Ils avaient emmener le livre des mots avec eux et s'en servait régulièrement pour aider le jeune homme, mais aussi la petite Victoria. Ange avait énormément de difficultés à s'améliorer. Ils avaient trouvé des lunettes qui n'étaient pas totalement adaptées à sa vue, et continuaient de chercher. Cependant, Ange ne les mettait que lorsqu'il essayait d'apprendre à lire. Il ne semblait pas vouloir voir le monde tel qu'il était, et encore moins les mort-vivants. Samuel prenait soin de l'albinos comme il prenait soin de ses propres enfants. Il essayait même parfois de lui montrer des choses amusantes. Ils avaient plusieurs fois trouver refuse dans des magasins et même un supermarché. Ange s'intéressait à tout. Il était curieux. Il regardait toujours Christophe cuisiner, écoutait Nicolas chanter. Il regardait chaque objet et essayait de suivre chaque animal qu'ils croisaient. Il adorait se rouler contre les chiens pour dormir, surtout lorsqu'il faisait froid. Mais plus la chaleur disparaissait, plus il se rendit compte que se blottir dans une couverture, contre un des adultes -le plus souvent Denise, Rani, Samuel ou Fayyad- le réchauffait bien plus. Et de toute façon, les chiens venaient souvent les rejoindre aussi.

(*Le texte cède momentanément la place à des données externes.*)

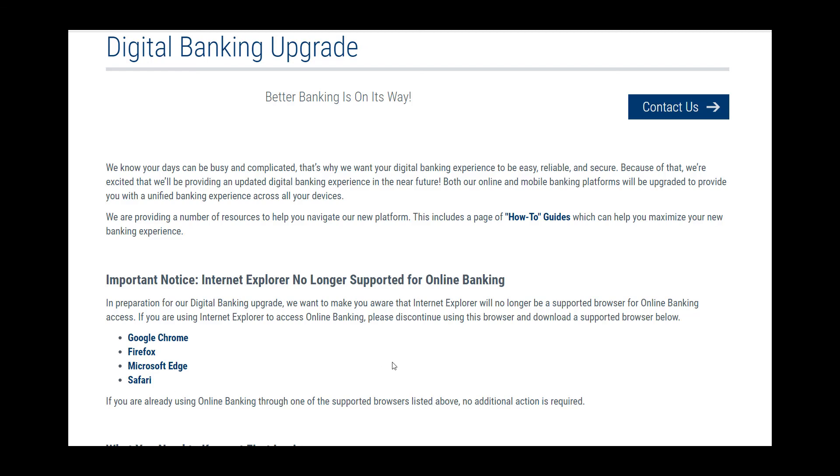These are some tips to help you make a smooth transition to our new digital banking platform.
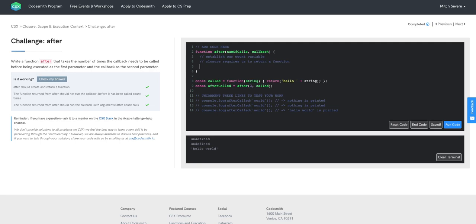With closures, we have access to what we call the backpack — or more technically speaking, the previous enclosed scope. So we have access to that variable count and can increment it by one every time. Each time our returned function is called, we increment our count. But we still need to figure out the logic of how we know after a number of calls to return the proper value.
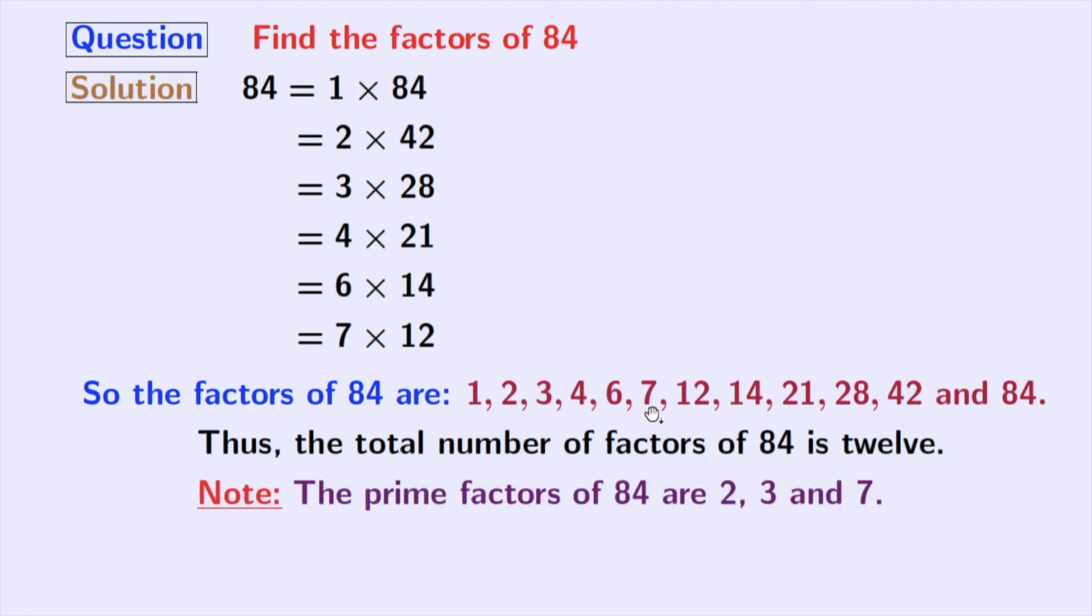So, we can say that the prime factors of 84 are 2, 3 and 7.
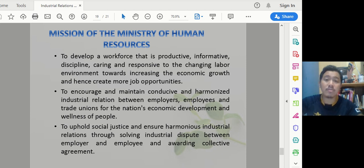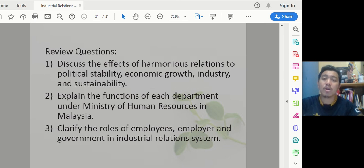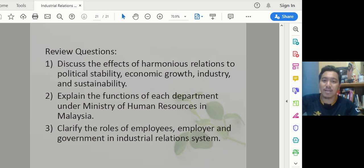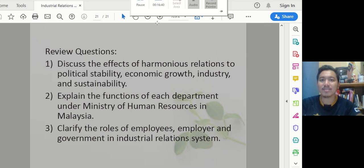There are review questions which I will post in i-Class or another medium for you to answer. That's all for L1 and L2. I hope to see you in later chapters. Goodbye.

Sa curiosité causait cependant bien des soucis au groupe. Lorsqu'il s'approchait des rayons de jardinerie ou de bricolages dans les magasins où ils s'arrêtaient. Lorsqu'il sortait la nuit pour observer les étoiles qui semblaient le fasciner. Lorsqu'il voulait suivre un oiseau, un papillon ou un chat et que les autres devaient alors se hâter de l'en empêcher et se débarrasser des cadavres ambulants vers lesquels ils se dirigeait sans s'en rendre compte. C'était comme surveiller un enfant. Mais il apprenait. Doucement, mais sûrement. Ils réussiraient à lui faire comprendre les dangers qui l'entouraient.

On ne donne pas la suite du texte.